In the incentives group, the promise of triple tickets didn’t affect behavior much, but, as Hussam notes, that may have been because the single tickets were already enough to get the children their most coveted prize: a school backpack. “Basically, we found that getting one ticket versus getting no tickets had huge effects, while going from one to three did little,” she says.

“Wherever we go, habits define much of what we do”

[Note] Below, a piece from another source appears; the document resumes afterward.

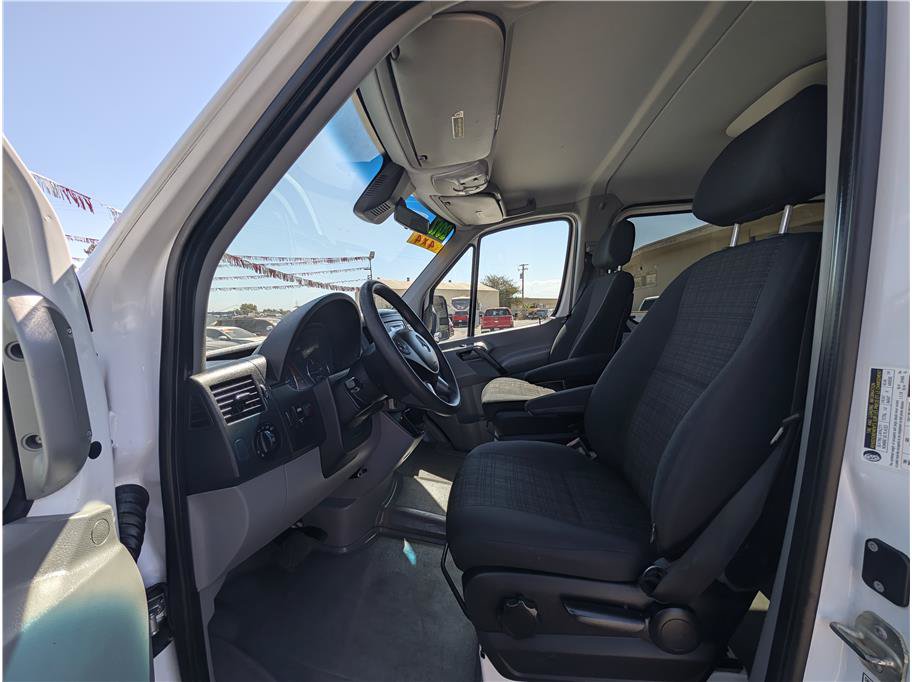 Used 2017 Mercedes-Benz Sprinter 2500 image 9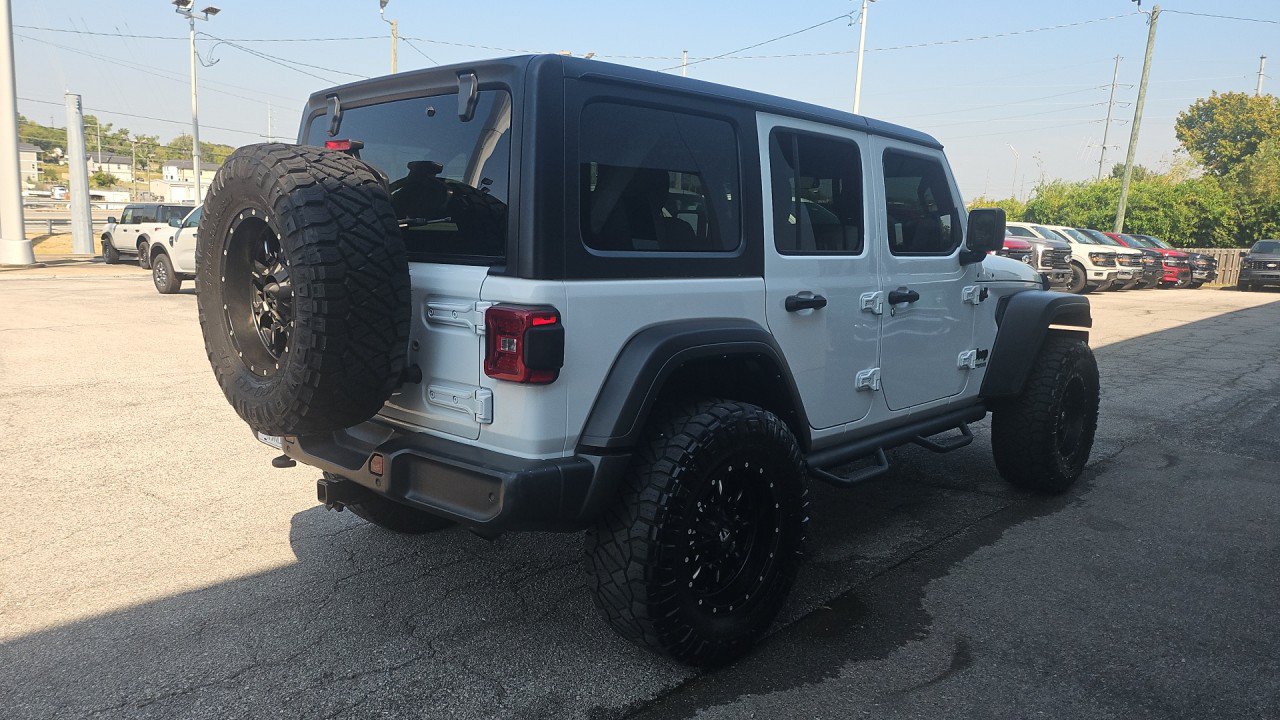 Used 2022 Jeep Wrangler Unlimited Sport AWD/4WD image 5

But in the monitoring group, handwashing rates increased significantly and immediately, not only for those who were monitored but also for those who were simply told to anticipate that their behavior would be tracked at a later date. “Simply knowing that handwashing will be more valuable in the future (because your behavior will be tracked so there’s a higher cost to shirking) makes people wash more today,” Hussam says.

This, Hussam hopes, is the primary takeaway of the study. While the experiment focused on a specific behavior in/among a specific area of India, the findings may prove valuable to anyone who is trying to develop a healthy addiction—whether it be an addiction to treating contaminated drinking water and using mosquito nets in the developing world, or an addiction to exercising every day and flossing every night in the developed world.

“Wherever we go, habits define much of what we do,” Hussam says. “This work can help us understand how to design interventions that help us cultivate the good ones.”